The pump distributor’s team decided to specify three submersible pump models that were installed in a triplex arrangement. The triplex lift station is a unique arrangement of three pumps operating in parallel. Specifying three pumps for the sump (instead of one or two larger pumps) increases the system’s reliability while efficiently covering the required wide range of operating conditions between the seasons. The triplex control allows for the operation of one, two or all three pumps at a time depending on the changing rate of inflow to the tank. The pumps alternate lead and lag position. In this arrangement, they are exercised regularly and wear more evenly. A high-level alarm is also available. The non-clogging capability of the pumps makes them an effective solution for handling the grape wastewater process. This pump produces a shredding action using a cutting impeller with a tungsten carbide tip against a suction plate. The suction plate has an irregular opening with engineered cutting slots to help grab the debris and aid the impeller with shredding. Other characteristics that make these pumps a practical solution for the grape wastewater process include:

• Volume and lift—The non-clog, single vane impellers are designed for high volume and lift performance, ideal for the wet well application.

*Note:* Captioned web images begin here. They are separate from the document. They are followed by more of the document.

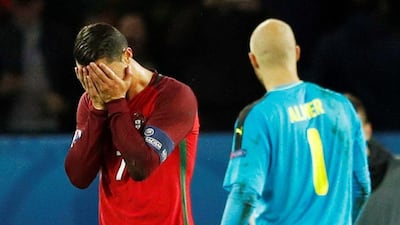 Portugal's Cristiano Ronaldo, left, reacts after missing a penalty against Austria during Euro 2016 match. REUTERS/John Sibley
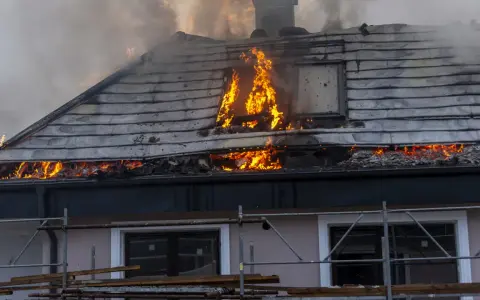 Un **incendie habitation** ravage le toit d'une maison, avec des flammes vives et une épaisse fumée s'échappant des combles.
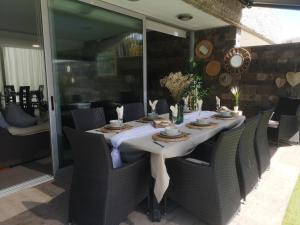 una mesa con sillas y un mantel blanco. en Deluxe Villa with private pool El Duque, en Adeje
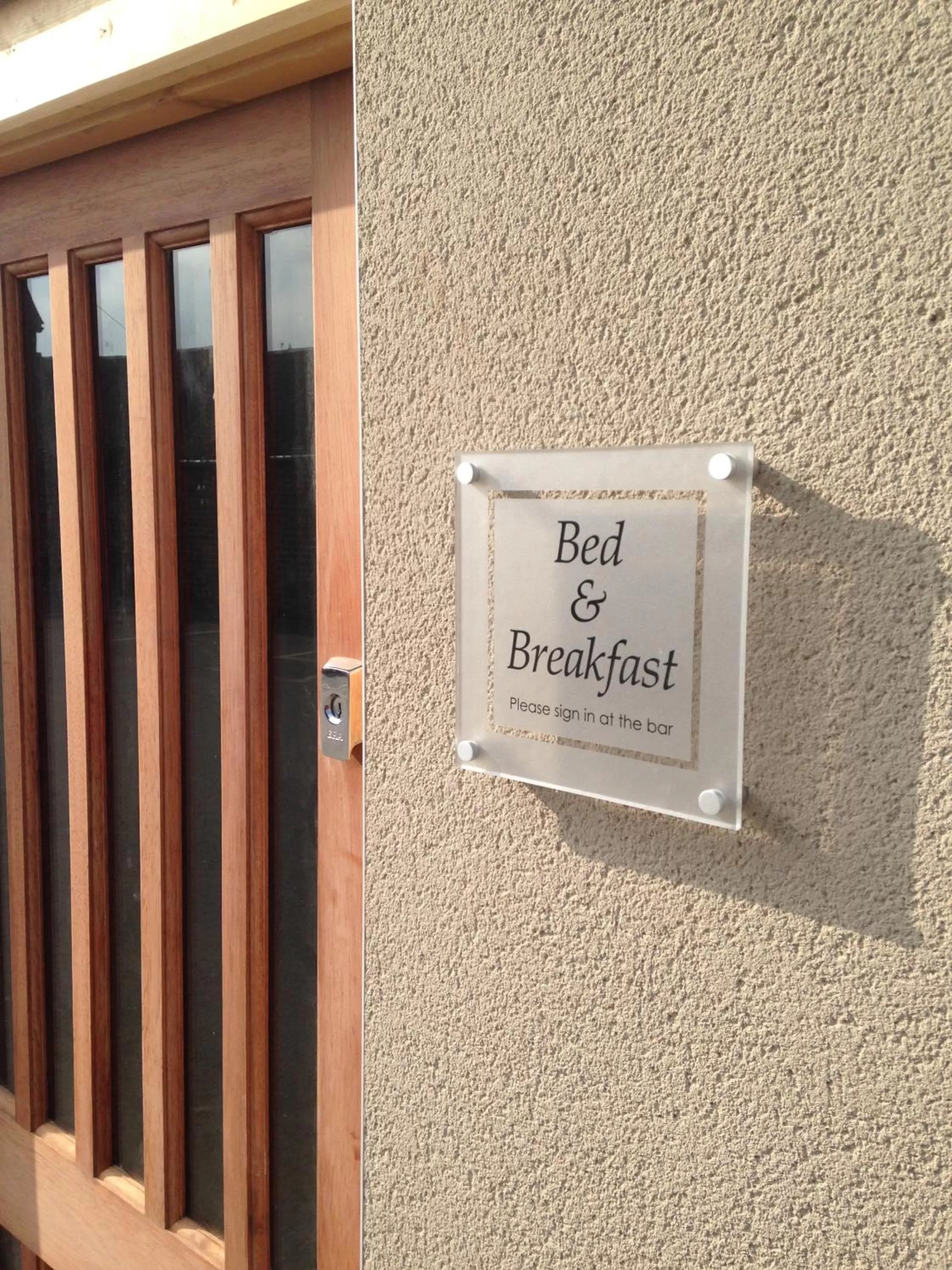 Property logo or sign in The Wheatsheaf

• Wear resistance—All wear and wet parts (parts exposed to the grape waste)—such as the impeller, wear-plate, oil housing, pump-housing and inner pump top—are made of cast 316 stainless steel material.

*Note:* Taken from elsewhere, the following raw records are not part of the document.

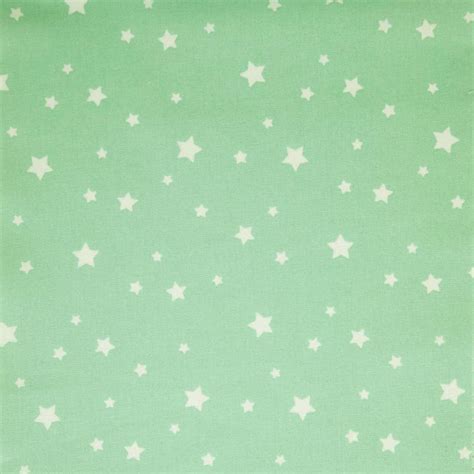 Tela estrellas blancas sobre fondo verde mint Mercería Adelka Canarias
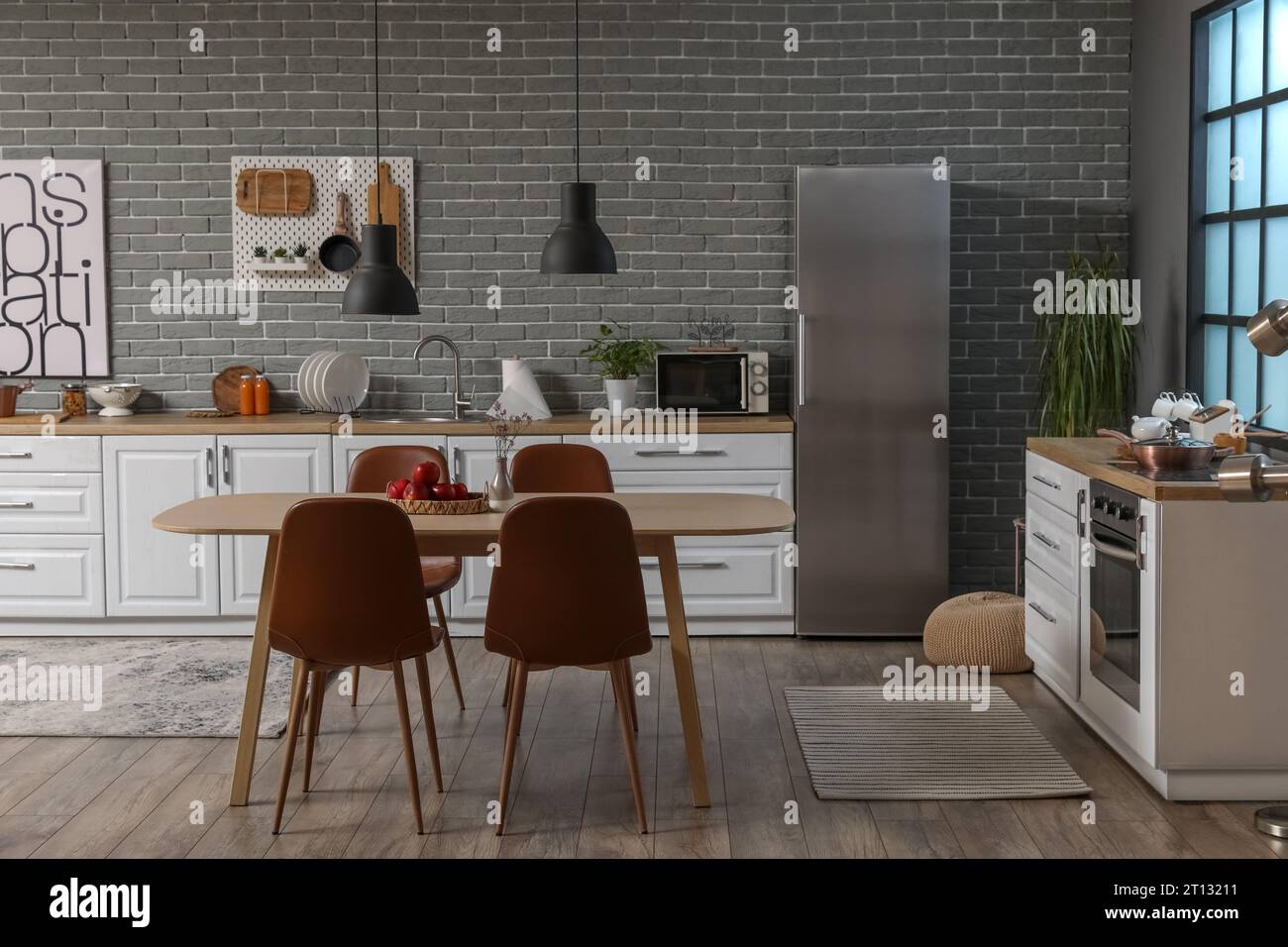 Interior of modern kitchen with white counters, dining table and fridge ...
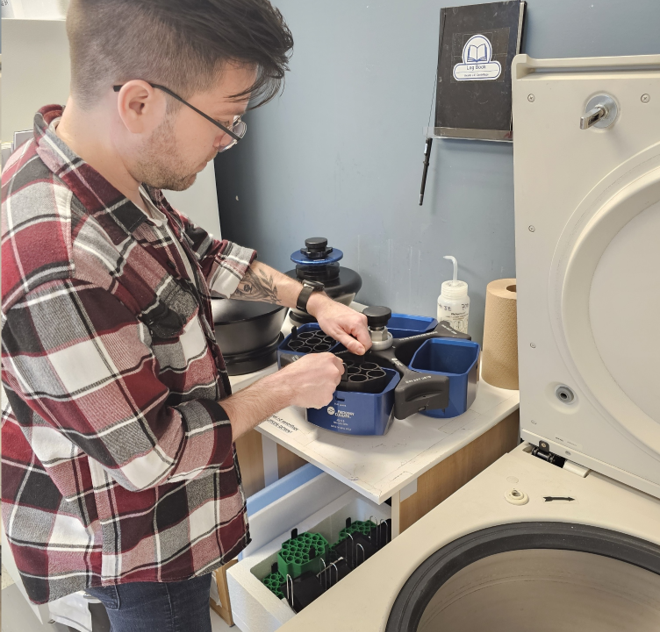 Un étudiant qui utilise une machine centrifuge.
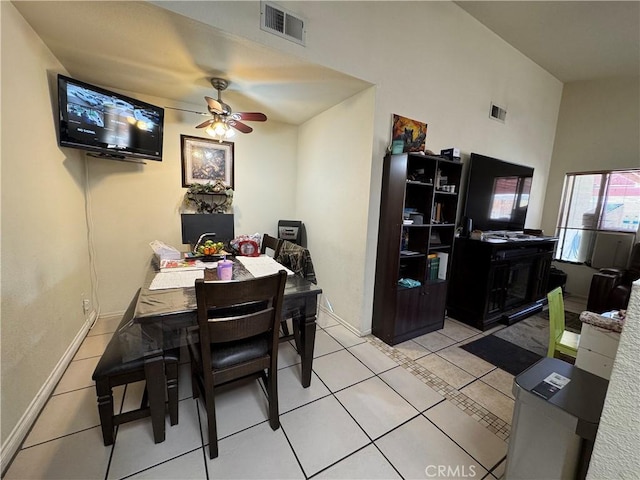 tiled dining space with a ceiling fan, visible vents, and baseboards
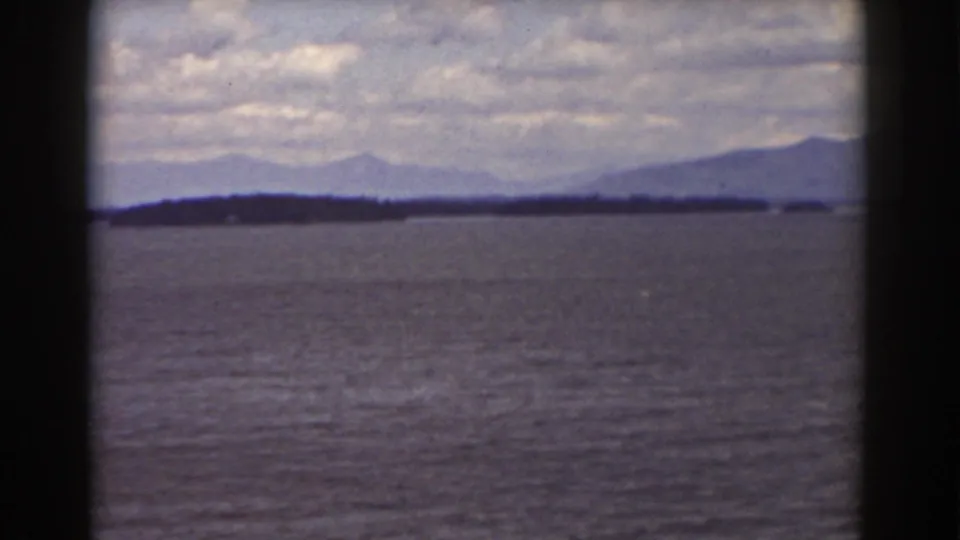 Late-frame 8mm view of water and distant mountain silhouettes in the supplied 1939 Mount Washington, New Hampshire clip.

• Reliability—The pumps offer three-seal motor protection. The submersible motor is protected by double mechanical seals. The lower seals are made of silicon carbide/silicon carbide, and the upper seal is carbon/ceramic. An additional lip seal is installed above the impeller to help prevent abrasives from entering the seal chamber. Winding protection and National Electrical Manufacturers Association Class-F motor insulation allows motor temperatures up to 230 F, which offers an advantage compared to pumps with Class-A and Class-B insulation. An automatic switch turns the pump motor off if the temperature and/or amp draw rises too high.

System Benefits

The final system was installed in 2008. As designed, all wastewater flows to the wet well containing three submersible pumps in parallel—including a lag pump, a lead pump and a spare. They remain totally submerged for maximum cooling, even at the lowest liquid level. Effluent flows from the wet well to the equalization tank and the reactor and into aerobic settling ponds. The wastewater is held in these ponds until required for irrigation. Based on content, the ponds are drained and dredged to remove any sludge buildup. Simpson has been happy with the system’s reliability. “The pumps have been installed for five years, and during that period, the only main­tenance that was required was a single seal replacement. “Fortunately the warning system advised of the seal failure, and we were able to easily switch to the backup pump while we replaced the seal. There was no slow down or stoppage in production.” The system keeps the winemaking process moving.